■ What the task asks ■
Lines below starting with the line with "Осенне-зимние уличные спортивные" and going on through the line with "Realistic portrait, photography, low" must be output exactly; the rest of the records must be left out.
Data section: Begin
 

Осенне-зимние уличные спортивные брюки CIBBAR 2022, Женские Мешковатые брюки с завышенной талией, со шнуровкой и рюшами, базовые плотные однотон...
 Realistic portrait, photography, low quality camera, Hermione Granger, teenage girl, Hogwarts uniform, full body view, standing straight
Data section: End
Data section: Begin
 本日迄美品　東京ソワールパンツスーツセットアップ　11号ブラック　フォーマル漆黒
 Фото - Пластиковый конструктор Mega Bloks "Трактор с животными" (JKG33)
Data section: End
■ Output for this task ■
Осенне-зимние уличные спортивные брюки CIBBAR 2022, Женские Мешковатые брюки с завышенной талией, со шнуровкой и рюшами, базовые плотные однотон...
 Realistic portrait, photography, low quality camera, Hermione Granger, teenage girl, Hogwarts uniform, full body view, standing straight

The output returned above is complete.